中距離の「穴」を埋める
アメリカが対中国の準備を進めるなか、米陸軍は地上から中・長距離ミサイルを放ち、その発射地点を柔軟に変えるべく、「タイフォン」というシステムを開発しました。
これは特定のミサイルではなく、あくまで移動式の発射システムであって、対地用のトマホーク巡航ミサイル、防空用のSM-6ミサイルを運用する装置です。
ちなみに、米陸軍では「Strategic Mid-range Fire System(SMRF)」とも呼び、日本語では中距離の戦略打撃システムになります。
開発の経緯をふりかえると、中国はA2AD戦略の下でミサイル戦力の増強に励み、特に中距離ミサイル(射程:500km〜5,500km)を拡充しました。
一方、アメリカは1987年にソ連とINF条約を結び、中距離ミサイルを全廃していたことから、この分野では大きな制限を受けていました。言いかえると、中国は制限なく開発できるのに対して、アメリカは手足を縛られていた形です。
ところが、2019年にINF条約が失効すると、30年ぶりにアメリカの手枷がなくなり、中距離ミサイルの開発を始めました。
その結果、トマホークの射程が約1,800kmまで伸び、米陸軍で抜けていた中距離以上の穴を埋めます。むろん、「LRHW」などの他のミサイルにも取り組み、続々と登場させていますが、トマホークは既存兵器として信頼性が高く、短期間の改修で済みました。

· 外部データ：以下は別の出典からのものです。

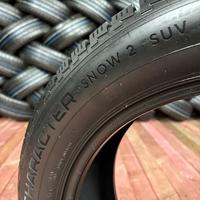 225/55  R19  Ikon (Nokian Tyres) Character Snow 2 SUV 103T XL Вид 7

なお、SM-6は海軍向けの長距離防空兵器ですが、これもタイフォンのシステムに組み込み、地上での長距離防空のみならず、対地攻撃にも用いる構想です。SM-6は最大450kmの防空範囲を誇り、対地攻撃では500km先まで狙えます。
すなわち、中距離以上の打撃となると、従来は空軍に依存していたところ、新たにタイフォンなどの導入により、陸軍も中・長距離攻撃能力を手に入れました。
移動式の発射システムとして
さて、タイフォンは車両搭載型の発射システムですが、実際は艦艇用の垂直発射システム(VLS)を使い、長さ40mのコンテナに収めたものです。だからこそ、艦艇が用いるトマホーク、SM-6ミサイルと互換性を持ち、2023年には早くも配備が始まりました。

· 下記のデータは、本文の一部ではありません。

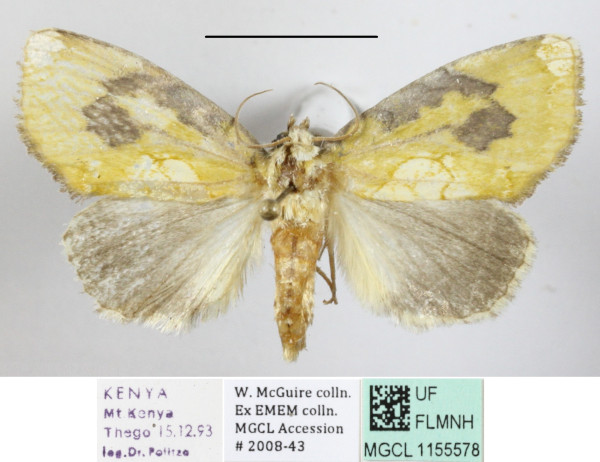 /filer/webapps/moths/media/images/V/viridescens_Ectolopha_A_MGCLa_02.JPG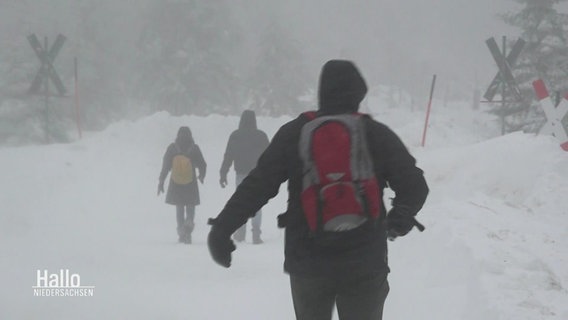 Menschen laufen durch Schneesturm im Harz. © Screenshot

発射機には4発のミサイルが入り、計4基でひとつのシステムを組むため、通常は16発を運用する態勢です。ここに射撃管制装置と発電機、再装填装置の支援機材が加わり、そこそこ大所帯の運用部隊になります。
米陸軍における位置付けを考えると、タイフォンはPrSMミサイルよりは遠くに届き、LRHWよりは射程が短い兵器にあたり、両者の中間的な存在として役立ち、射程のギャップを埋めます。

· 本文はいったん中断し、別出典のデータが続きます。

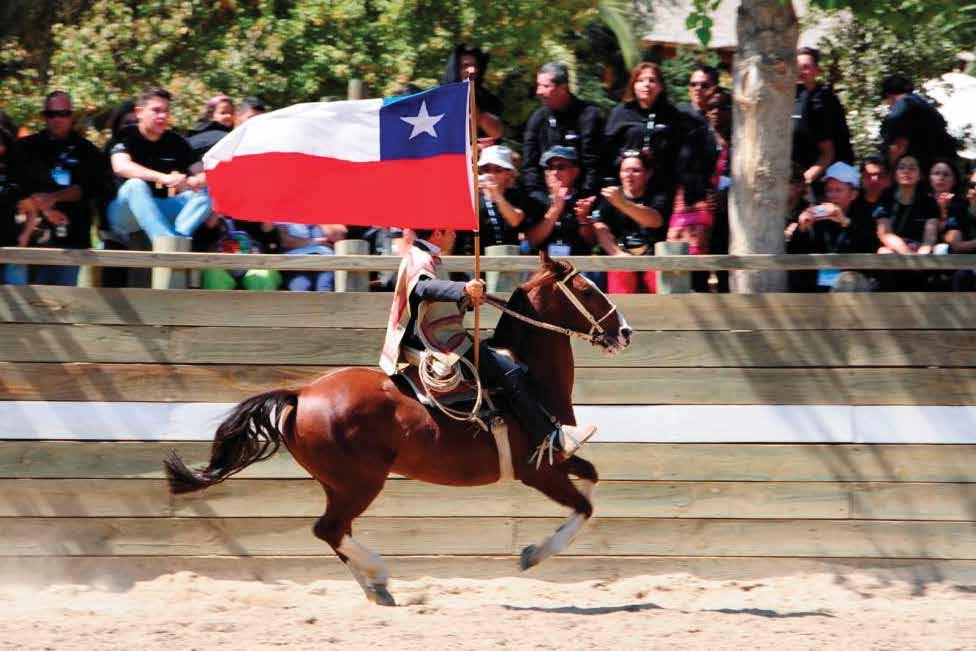 An equestrian show prepared by professional riders, that in a traditional half-moon shaped court (called Medialuna), exhibit their expertise on these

移動式の兵器である以上、有事ではアジア太平洋の同盟国に置き、中国のミサイル戦力に対抗しながら、相応の打撃力を確保するつもりです。タイフォンの車両はC-17輸送機に入り、フィリピンや日本は言うまでもなく、沖縄のような島嶼部にも機動展開できます。
演習ではフィリピン、オーストラリアに持ち込み、発射試験で海上目標を撃沈するなど、対中国で使う意図を示しました。そして、2025年には日本の岩国基地に運び、日米共同演習の一環として展開しました。
岩国基地からトマホークを撃てば、東シナ海の全域が射程圏内に収まり、重要基地のある中国沿岸部にさえ届きます。当然、中国側は激しく反発したものの、アメリカは日本を有力な配備先と考えており、こうした動きはもはや止まりません。
中国本土に届く以上、中国の反発は理解できるとはいえ、彼らも中距離ミサイルを多く持ち、他国にあれこれ言える立場ではありません。しかも、日本では長射程のミサイル開発が進み、むしろ「島嶼防衛用高速滑空弾」の方が脅威でしょう。
いずれにせよタイフォンは中距離打撃力の列に加わり、有事では「ネメシス」のような他の機動兵器とともに、日本やフィリピンへの緊急展開を行い、対中国の一翼を担います。